Discoloration caused by caramelization and non-enzymatic browning reactions due to rising temperatures. As the temperature increases, the oxidation of the fats becomes more intense, which in turn has a significant effect on the color of the dyes studied (Ghandehari Yazdi et al., 2018). Since non-sucrose sweeteners play an important role in lightness changes, they are also associated with caramelization and the Millard reaction (non-enzymatic browning) between reducing sugars and amino acids. Sucrose (non-reducing sugar) at high temperatures converted to glucose and fructose (reducing sugars).

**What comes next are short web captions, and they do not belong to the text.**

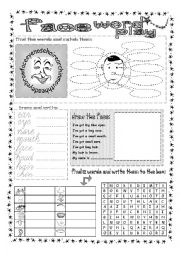 English Worksheet: Face Word Play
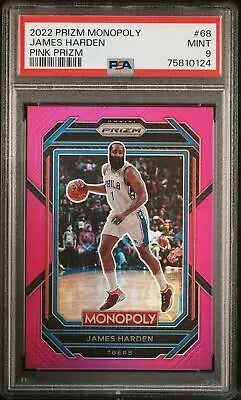 2022 Panini Prizm Monopoly James Harden #68 Pink 134/149 Basketball PSA 9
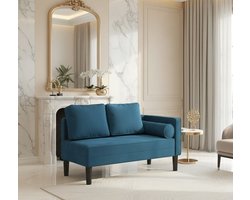 Chaise Longue Industrialhome Velvet Luxe Blauw – Elegante Recamière met Lendenkussen, Comfortabele Lounge Bank voor Woonkamer, Slaapkamer of Kantoor – Fluwelen Relaxstoel met Hoogwaardig Schuim & Moderne Stijl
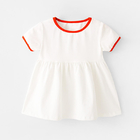 Solid Color Cotton Girls Dress Summer Children'S Clothing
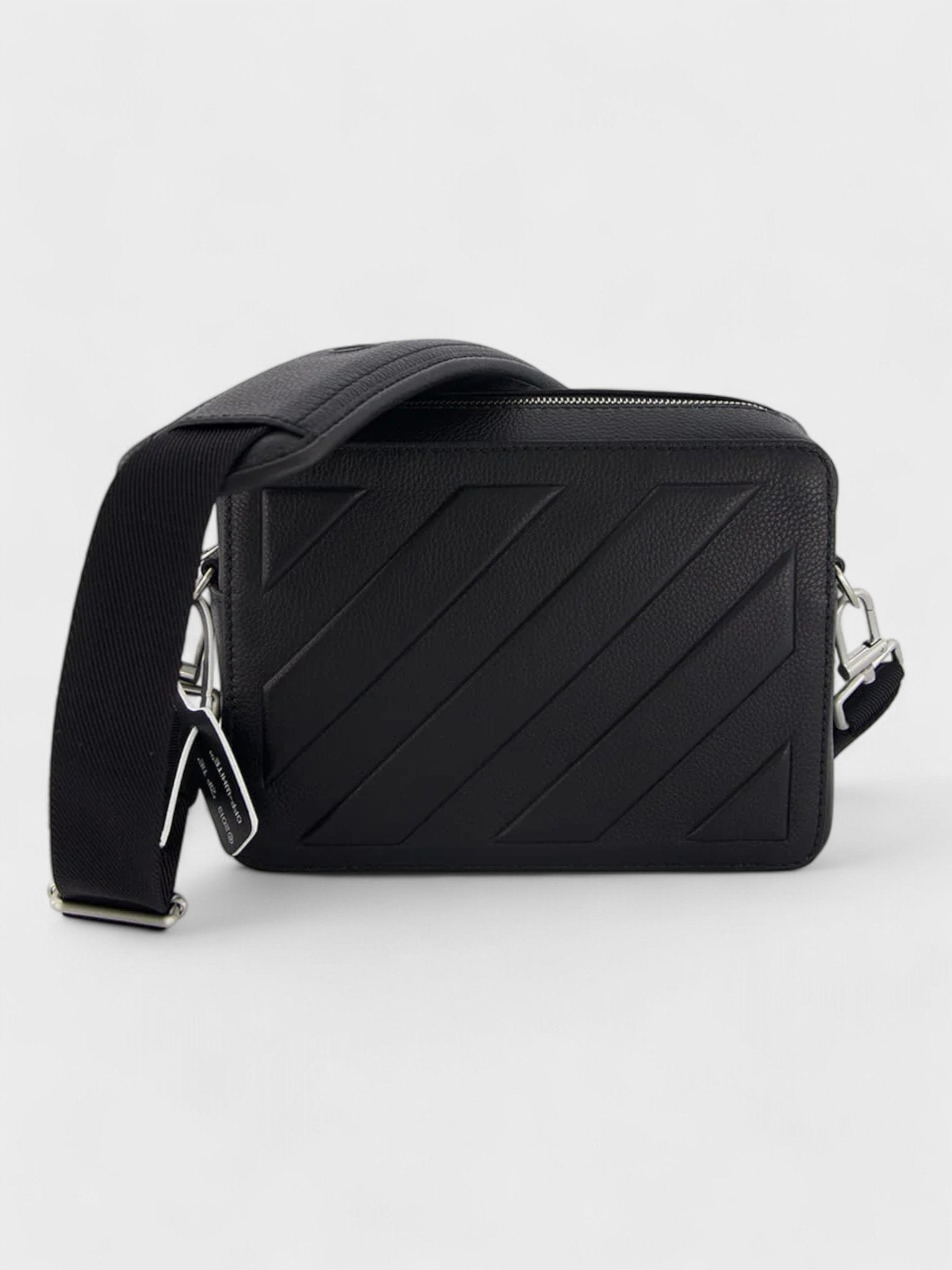 Off - White Diag Leather Camera Bag Black - Supplied FashionOff White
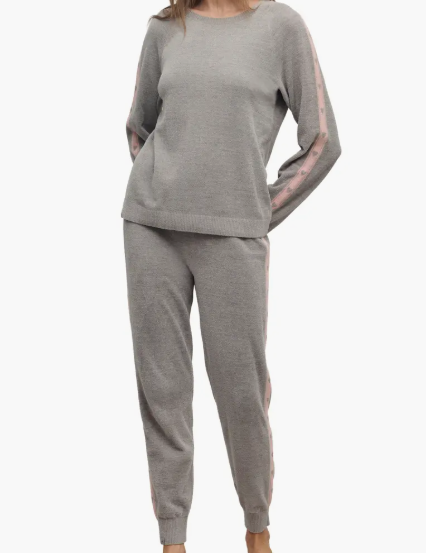 CCUL Heart Stripe Pullover | Dove Gray-Pink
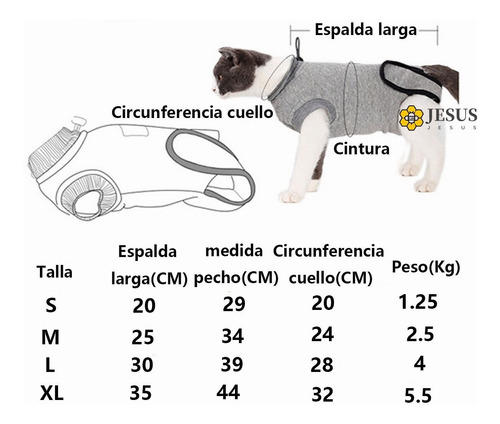 Imagen 2 de 8 de Fajas Postoperatorias Para Gato Y Perro Chaleco Mascotas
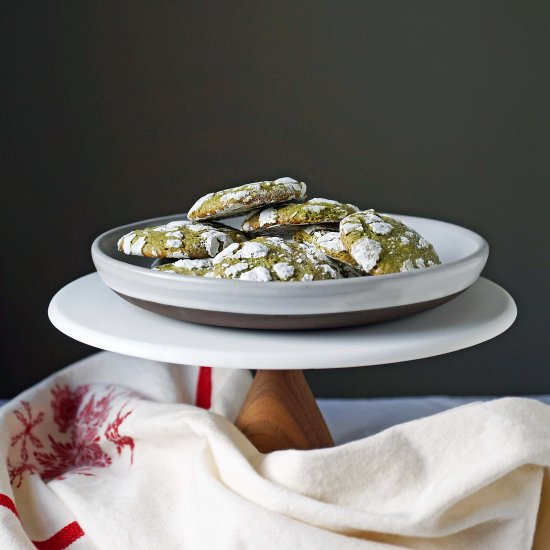 Matcha Crinkle Cookies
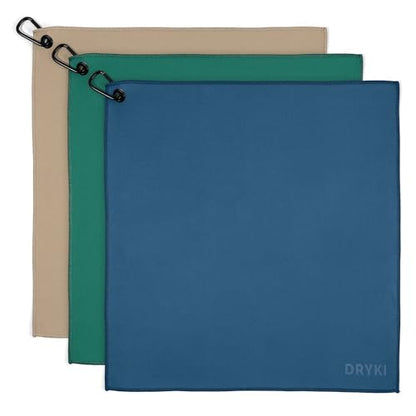 Sweat Absorbing Handkerchiefs - The Original Pocket-Sized Sweat Towels - Quick-Dry Microfiber Sweat Rags for Face, Hands, & Body - Men & Women - Gym, Sports, and Work (Creek: Large Size, 3 Pack)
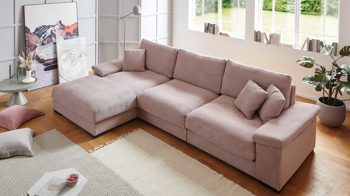 Ecksofa A. z. iwaniccy aus Stoff in Rosa Polsterprogramm Spirit - Ecksofa rosa Breitcord Lincoln 61 - Stellfläche ca. 177 x 323 cm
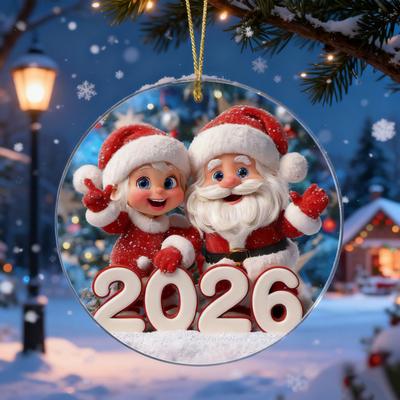 Yousheng Christmas Santa Ornament 2026 Round 2D Acrylic Santa Claus Christmas Tree Ornament for Holiday New Year Home Decor
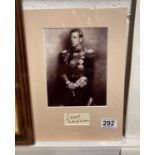 Edward, Duke of Windsor, small piece matted with picture of him in uniform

Thus, if the amount of sucrose reduced, the color intensification is weaker due to the lower formation of the products from the reaction of Millard (Gonzalez-Mateo et al., 2009).
Overall, according to the type of flour consumed in the Sohan-Polaki formulation, the two final optimal formulas, i.e., optimal formula 1, including sucrose replacement with Stevia-Isomalt 24%, the ratio of rice to corn flour 0.99 and cooking temperature of 166°C ( With a density of 1.37 g/cm3, the hardness of 1.85 N and color changes compared to the control 3.66) and optimal formula 2, including sucrose replacement with Stevia-Isomalt 24%, the ratio of rice to corn flour 0.02, and cooking temperature of 180°C (with a density of 1.23 g / cm3, the hardness of 2.07 N and color changes compared to the control of 10.16) were introduced as the best treatments.